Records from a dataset
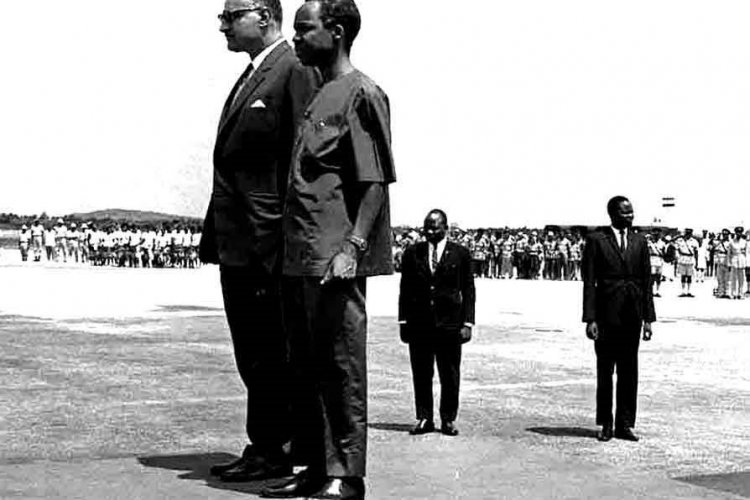 وداع رسمى وشعبى لعبد الناصر والوفد المرافق له بعد انتهاء زيارته لتنزانيا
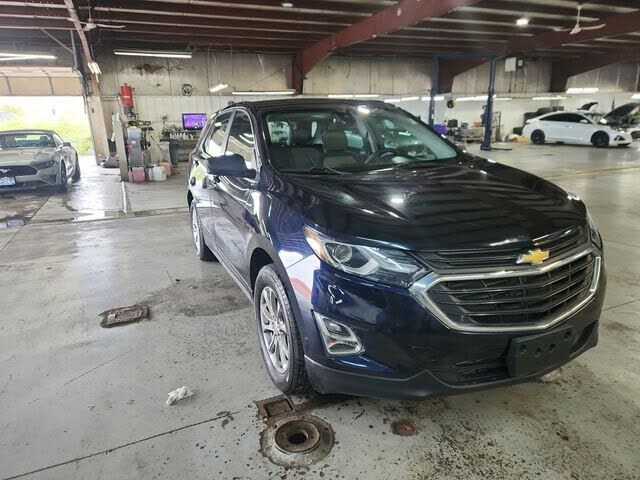 2017 CHEVROLET Equinox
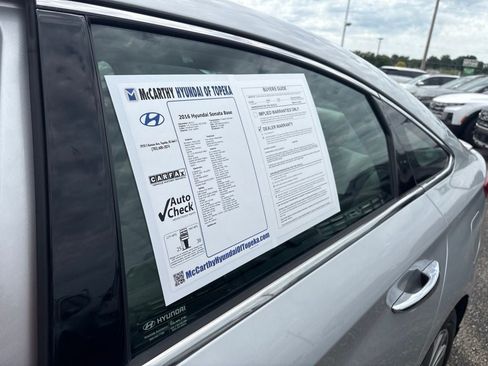 Used 2016 Hyundai Sonata Limited w/ Option Group 04 FWD image 26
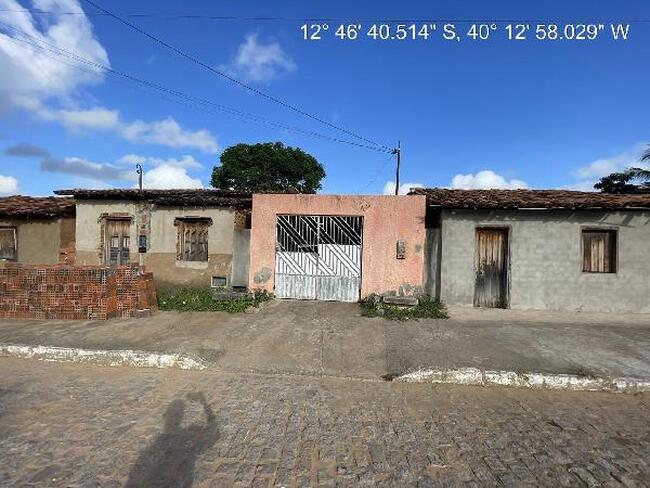 Casa Em Monte, Iacu/ Ba, localizado em Iacu - BA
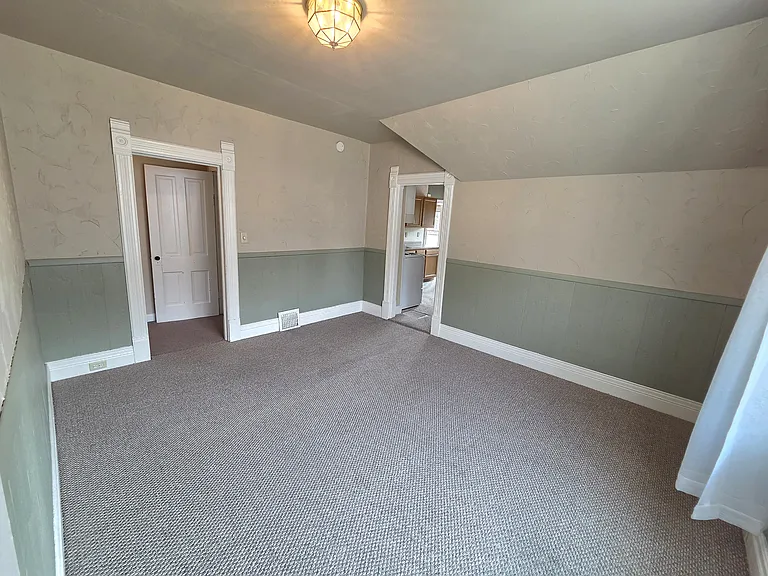 306 N State St #2 — Photo 8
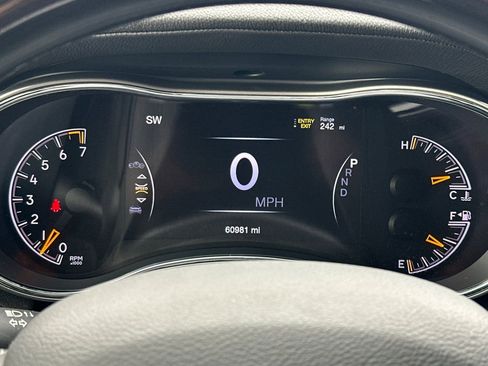 Used 2019 Jeep Grand Cherokee Overland image 30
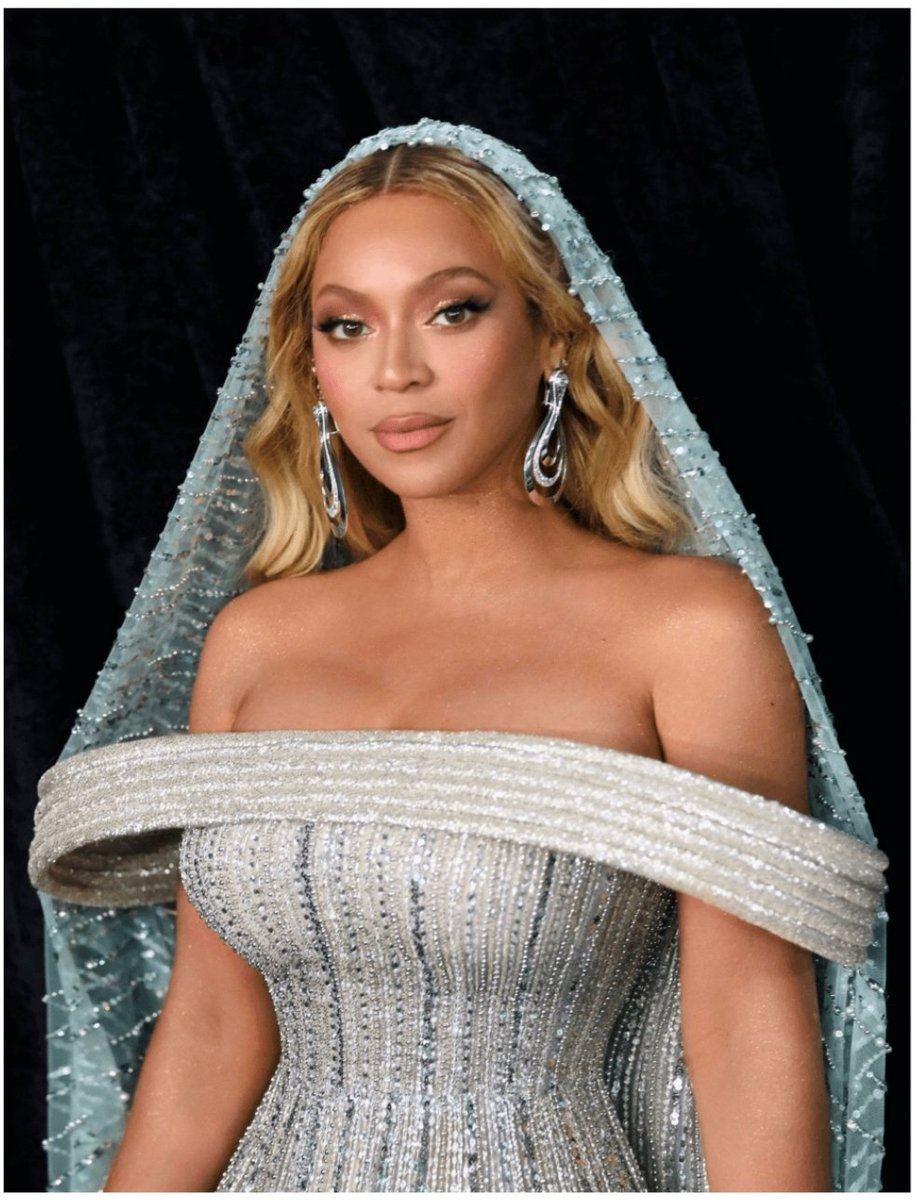 RedMedia_us's tweet image. Ryan Coogler Reveals How Going To Beyonce's "Renaissance Tour" in 2023 Inspired Him To Create his Multi-award Winning movie "Sinners."

"I did this crazy thing that I recommend for all husbands. Like in the summer before we made the movie, I loaded up like two sprinter vans full…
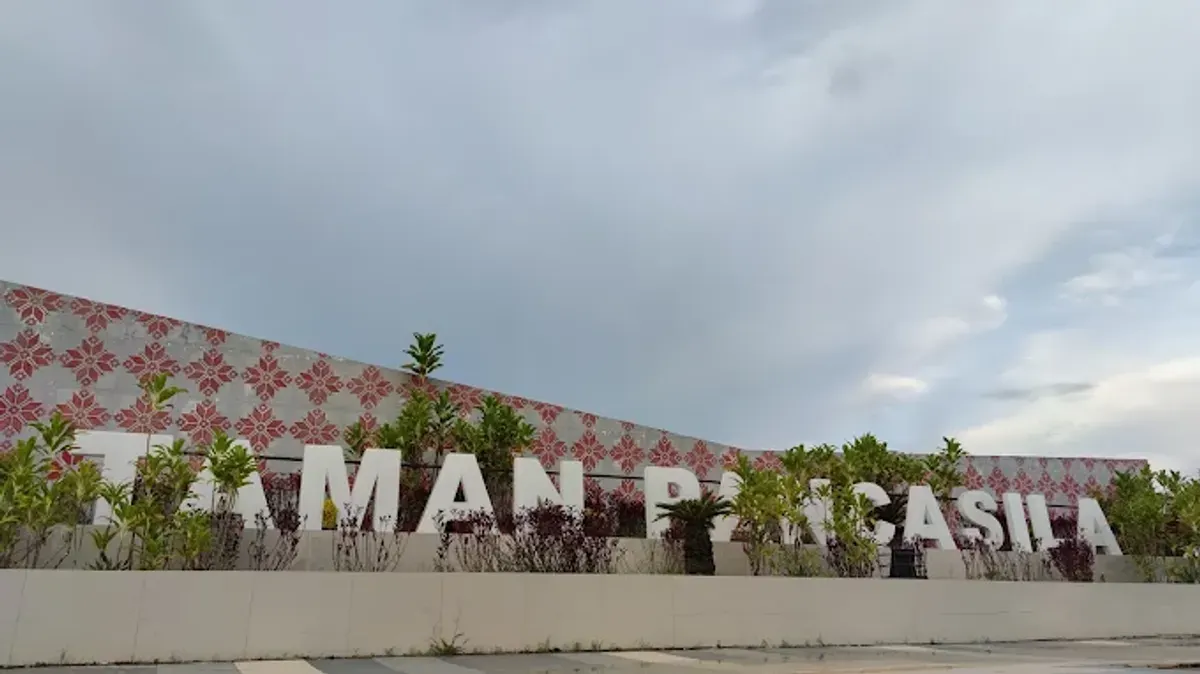Taman Pancasila (TPK Ogan Ilir): Ruang Publik untuk Rekreasi dan Edukasi (Sumber: google.com | Foto: Nur Mukhlisah)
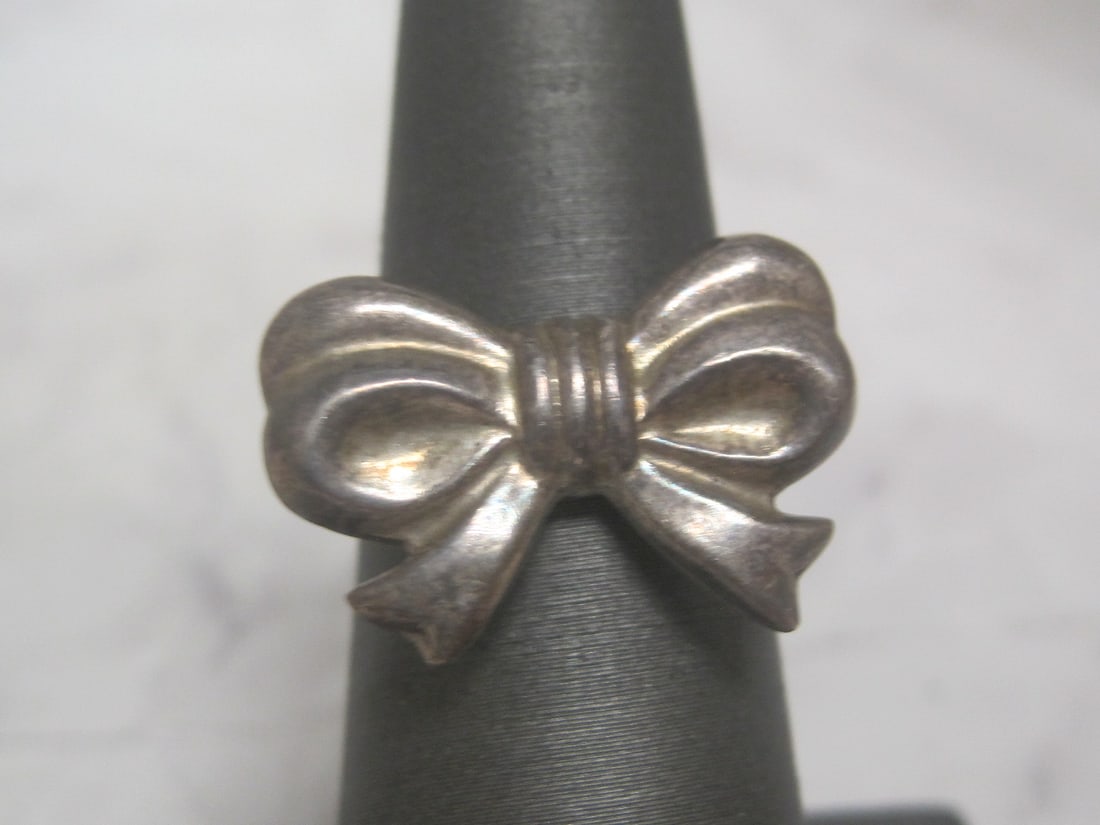 Sterling Silver Bow Ring: Weighs 3.3 grams, Size 6 1/2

- Action item
Among the entries above, take the line with "Used 2016 Hyundai", the line with "RedMedia_us's tweet image.", and all the lines between them, and restate them word for word without pictures.

- Output for this task
 Used 2016 Hyundai Sonata Limited w/ Option Group 04 FWD image 26
 Casa Em Monte, Iacu/ Ba, localizado em Iacu - BA
 306 N State St #2 — Photo 8
 Used 2019 Jeep Grand Cherokee Overland image 30
 RedMedia_us's tweet image. Ryan Coogler Reveals How Going To Beyonce's "Renaissance Tour" in 2023 Inspired Him To Create his Multi-award Winning movie "Sinners."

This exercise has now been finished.